Graphing Quadratic Functions

What You’ll Learn

In this lesson you’ll learn how to graph quadratic functions in standard form and identify their important features: vertex, axis of symmetry, direction of opening, minimum and maximum values, and intercepts.

The Concept

A quadratic function has the form:

f(x) = ax^2 + bx + c

where a ≠ 0.

Key features:

The graph is a parabola (U-shaped curve).
If a > 0, the parabola opens upward (minimum point).
If a < 0, the parabola opens downward (maximum point).
Vertex: the turning point of the parabola (lowest or highest point).
Axis of symmetry: the vertical line through the vertex, given by x = −b / (2a).

To graph:

Find the vertex using x = −b / (2a), then plug it back to find y.
Find the y-intercept (set x = 0).
Find the x-intercepts (set f(x) = 0 and solve, if they exist).
Plot a few more points and sketch the parabola.

Worked Example

Upward-opening parabola: graph f(x) = x² − 4x − 5.

f(x) = x² − 4x − 5

The graph shows the parabola f(x) = x² − 4x − 5 with all its key features labeled. The gold dot marks the vertex at (2, −9), the lowest point on the curve. Since a = 1 > 0 the parabola opens upward, so the vertex is the minimum of the function. That means f(x) never goes below −9, making the range y ≥ −9. The dashed line at x = 2 is the axis of symmetry. The green dots mark the y-intercept at (0, −5) and the two x-intercepts at (−1, 0) and (5, 0).

1. Find the vertex

Here a = 1, b = −4, c = −5. The x-coordinate of the vertex is:

x = -\frac{b}{2a} = -\frac{-4}{2(1)} = 2

Plug x = 2 back in: f(2) = (2)² − 4(2) − 5 = 4 − 8 − 5 = −9. So the vertex is (2, −9).

2. Find the y-intercept

Set x = 0: f(0) = 0 − 0 − 5 = −5. The y-intercept is (0, −5).

3. Find the x-intercepts

Set f(x) = 0 and factor:

x^2 - 4x - 5 = 0 \quad\Rightarrow\quad (x - 5)(x + 1) = 0

So x = 5 or x = −1. The x-intercepts are (−1, 0) and (5, 0).

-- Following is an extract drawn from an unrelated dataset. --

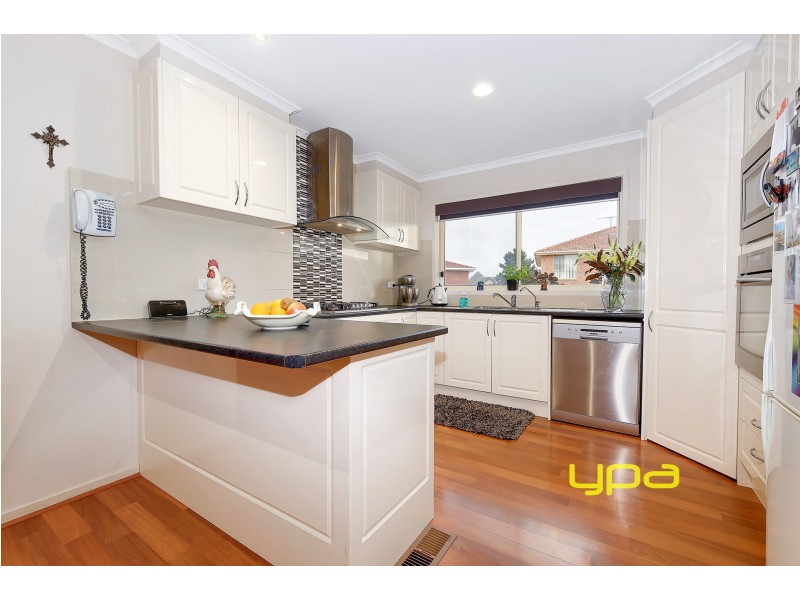 33 Longhurst Crescent, Hillside VIC 3037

The parabola opens upward (a > 0) with vertex at (2, −9).

Downward-opening parabola: graph g(x) = −x² + 4x + 5.

g(x) = −x² + 4x + 5 (opens downward)

Because a = −1 < 0, this parabola opens downward. It has a maximum point instead of a minimum. The vertex at (2, 9) is the highest the function ever reaches, so f(x) never goes above 9, making the range y ≤ 9. The orange curve shows the ∩ shape, with the gold vertex at the top. Compare this to the upward parabola above: the sign of “a” flips the entire shape.

4. Find the vertex

Here a = −1, b = 4, c = 5. The x-coordinate of the vertex is:

x = -\frac{b}{2a} = -\frac{4}{2(-1)} = 2

Plug x = 2 back in: g(2) = −(2)² + 4(2) + 5 = −4 + 8 + 5 = 9. So the vertex is (2, 9), the highest point.

5. Find the y-intercept

Set x = 0: g(0) = 0 + 0 + 5 = 5. The y-intercept is (0, 5).

6. Find the x-intercepts

Set g(x) = 0: −x² + 4x + 5 = 0. Multiply both sides by −1 to get x² − 4x − 5 = 0, then factor:

(x - 5)(x + 1) = 0

So x = 5 or x = −1. The x-intercepts are (−1, 0) and (5, 0), same as the upward parabola, but the shape is flipped.

Real-World Application

Quadratic functions model many real situations:

Projectile motion (height of a thrown ball over time)
Profit = revenue − cost (often quadratic)
Area of a rectangular garden with fixed perimeter
Bridge arches and satellite dishes (parabolic shapes)
Stopping distance of a car as speed increases

Example: a ball is thrown upward. Its height can be modeled by a quadratic function. The vertex represents the maximum height, a downward-opening parabola, just like the second example above.

Quiz

For $f(x) = 2x^2 - 8x + 3$, does the parabola open upward or downward?

A.Downward
B.Upward
C.Sideways
D.It depends on $x$

What is the x-coordinate of the vertex of $f(x) = x^2 + 6x - 7$?

A.$-6$
B.$3$
C.$6$
D.$-3$

The y-intercept of $f(x) = x^2 - 4x + 5$ is:

A.$(0, 5)$
B.$(5, 0)$
C.$(-4, 5)$
D.$(0, -4)$

A quadratic function has a minimum point. This means:

A.$a = 0$
B.$a < 0$
C.$a > 0$
D.$b = 0$

Find the vertex of $f(x) = -x^2 + 4x + 1$.

A.$(4, 1)$
B.$(2, 5)$
C.$(-2, -11)$
D.$(2, -3)$